WHAT TO PRODUCE:
Transcribe the listing below only from the line with "Mini scooter 2-stroke" up to and including the line with "mdma Заводоуковск".

INPUT FOR THIS TASK:

* * * * *

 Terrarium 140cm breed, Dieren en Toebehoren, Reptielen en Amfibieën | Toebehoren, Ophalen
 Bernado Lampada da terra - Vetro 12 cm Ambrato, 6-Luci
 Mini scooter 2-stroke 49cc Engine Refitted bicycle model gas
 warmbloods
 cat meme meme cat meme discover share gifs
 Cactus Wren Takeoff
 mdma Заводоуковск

* * * * *

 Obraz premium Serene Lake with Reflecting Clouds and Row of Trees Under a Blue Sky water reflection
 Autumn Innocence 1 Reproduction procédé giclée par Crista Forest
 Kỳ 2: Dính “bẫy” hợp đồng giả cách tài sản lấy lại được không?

* * * * *

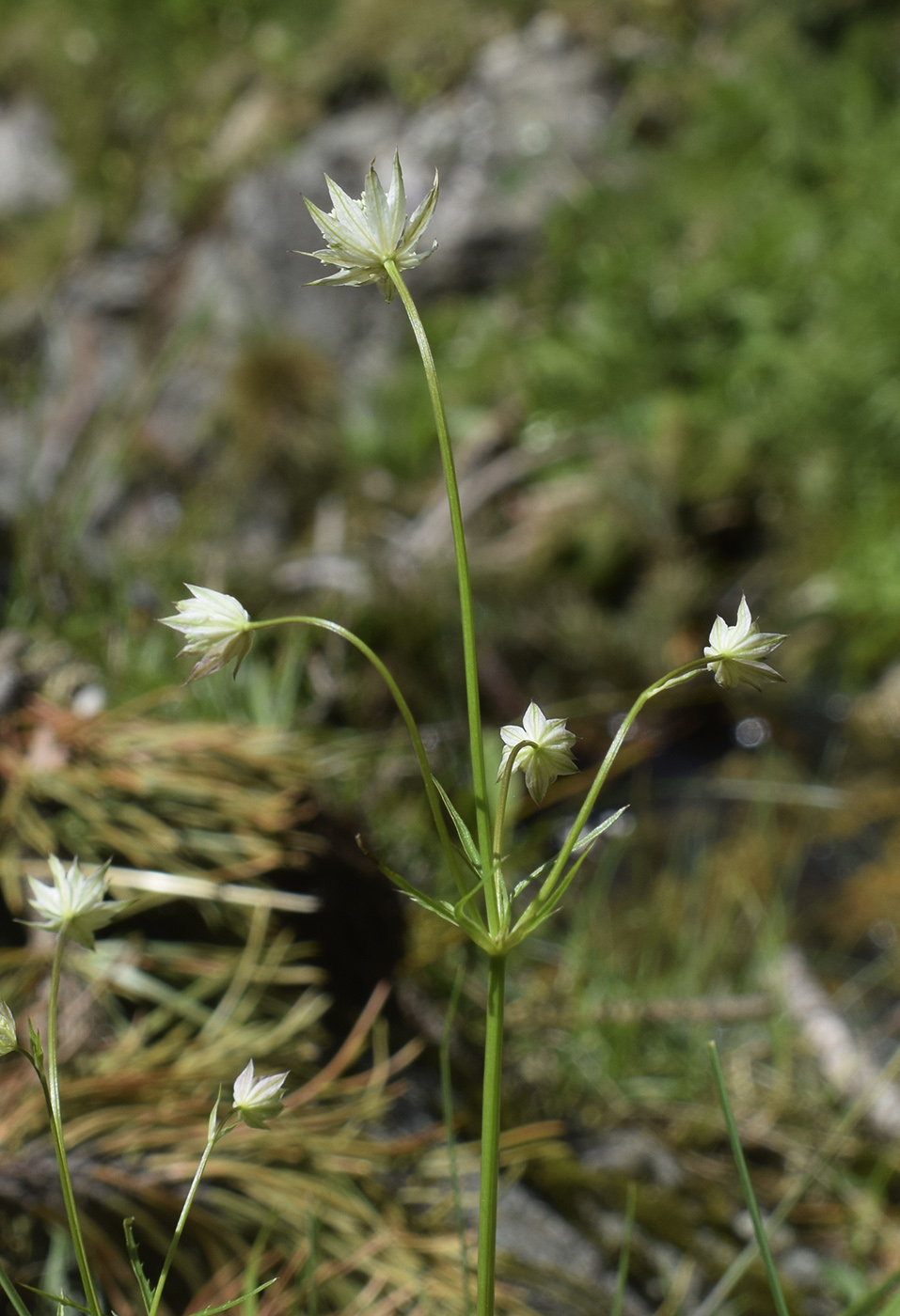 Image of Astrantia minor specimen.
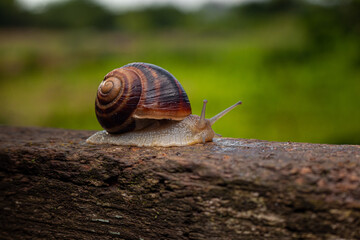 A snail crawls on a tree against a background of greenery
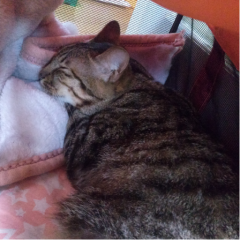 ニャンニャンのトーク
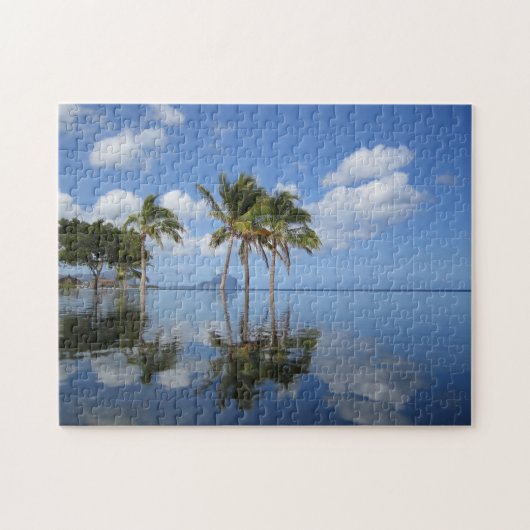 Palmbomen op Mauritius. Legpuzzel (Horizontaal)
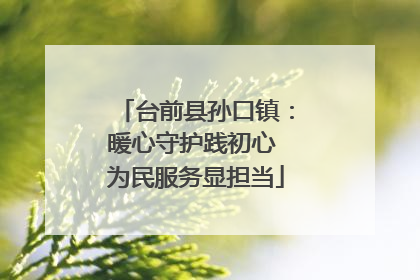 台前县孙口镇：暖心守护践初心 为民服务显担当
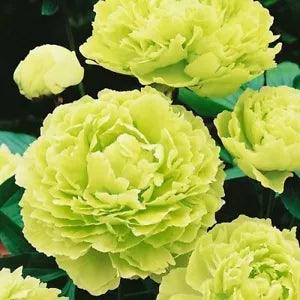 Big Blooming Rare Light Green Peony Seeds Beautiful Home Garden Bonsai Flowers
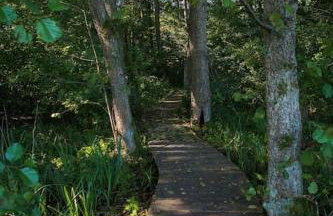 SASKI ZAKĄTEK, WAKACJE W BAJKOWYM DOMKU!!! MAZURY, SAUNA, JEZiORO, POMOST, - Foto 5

* * * * *

ANSWER AREA:
 Mini scooter 2-stroke 49cc Engine Refitted bicycle model gas
 warmbloods
 cat meme meme cat meme discover share gifs
 Cactus Wren Takeoff
 mdma Заводоуковск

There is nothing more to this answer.